GRAND RAPIDS, Mich. — Pastor Banza Mukalay remembers the first day he met Patrick Lyoya.
It was about three years ago – he says Lyoya couldn’t have been more than 23 years old at the time. Lyoya arrived at Restoration Community Church – a small Methodist church within a church that shares a building with Wesley United Methodist in Wyoming – with the family of a friend he’d met at a refugee camp in Malawi.
Mukalay saw himself in the young man. Like Lyoya, Mukalay had spent many years living in the safety of a refugee camp after fleeing the war-torn and weather-ravaged Democratic Republic of Congo, also the native country of Lyoya.
“He was a good young man,” said Mukalay. “He was very ready to change his life and doing something good. He had a future.”

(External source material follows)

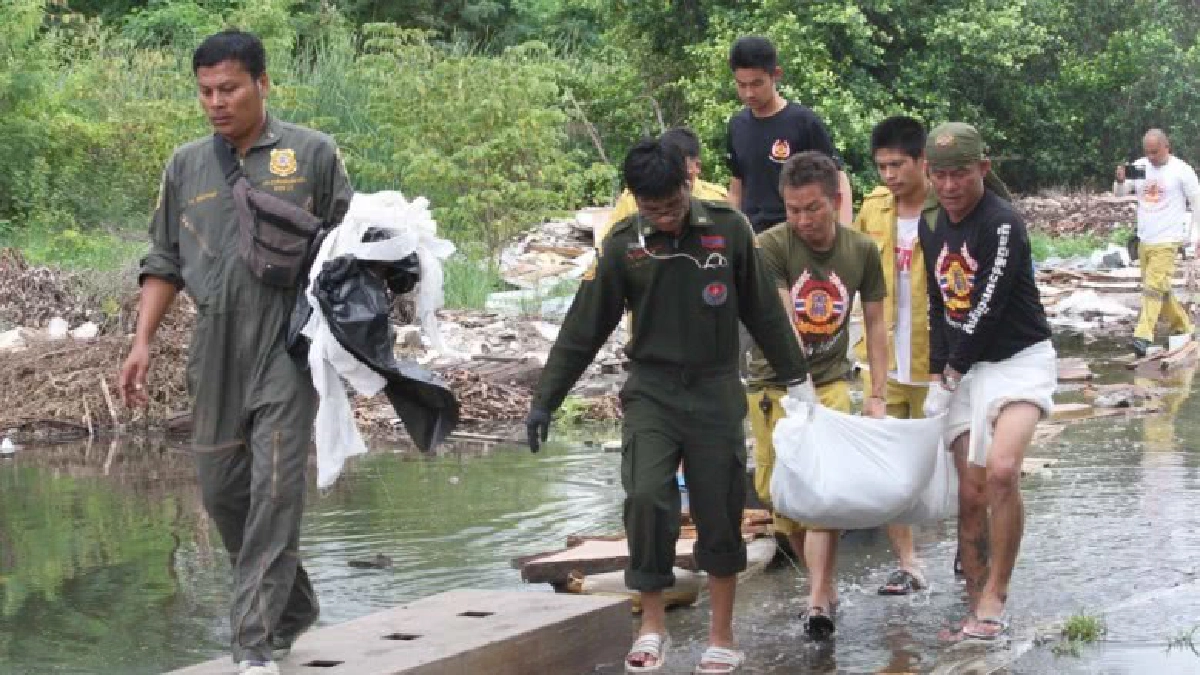 น้อยใจแฟนสาวผูกคอตายใต้ต้นไทร น้อยใจแฟนสาวผูกคอตายใต้ต้นไทร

Lyoya was a father of two young children. A program from his funeral – half of it written in his native tongue of Swahili – described him as a “gem in his family and the leader of his siblings.” He had six of them, of which he was the eldest.
“Patrick loved holidays, when the whole family would get together and celebrate,” the program reads. “Patrick was a warm and loving person who would do anything for his family and friends.”
“Patrick was a loving person; he loved people,” his father, Peter Lyoya, told FOX 17 through an interpreter four days after his son’s death. “He was like a brother to me.”
Mukalay said he was shocked by the now widely-shared videos of Lyoya’s killing by Grand Rapids Police Officer Christopher Schurr, who was identified only this week by the department.
“I watched the video and it was him, and I was so shocked because that was far from my mind to feel like Patrick could die,” said Mukalay. “That was a big surprise, and for me it was … heartbreaking. It hurt me so much.”
The deadly encounter wasn’t Lyoya’s first with police. Court documents from 2016 show Lyoya faced a charge of unlawful driving away, after using a friend’s car without permission. He was sentenced to six months in prison.
He faced a similar charge in 2017 along with a separate charge that year for driving with a suspended license.
In 2021, Lyoya was charged with operating while intoxicated in Allegan County. He never entered a plea – a hearing to do so was set for February of this year.
Four days before Lyoya was killed, a warrant was issued for his arrest on a charge of domestic violence. FOX 17 was able to verify the charges and warrant, but not the details surrounding that charge.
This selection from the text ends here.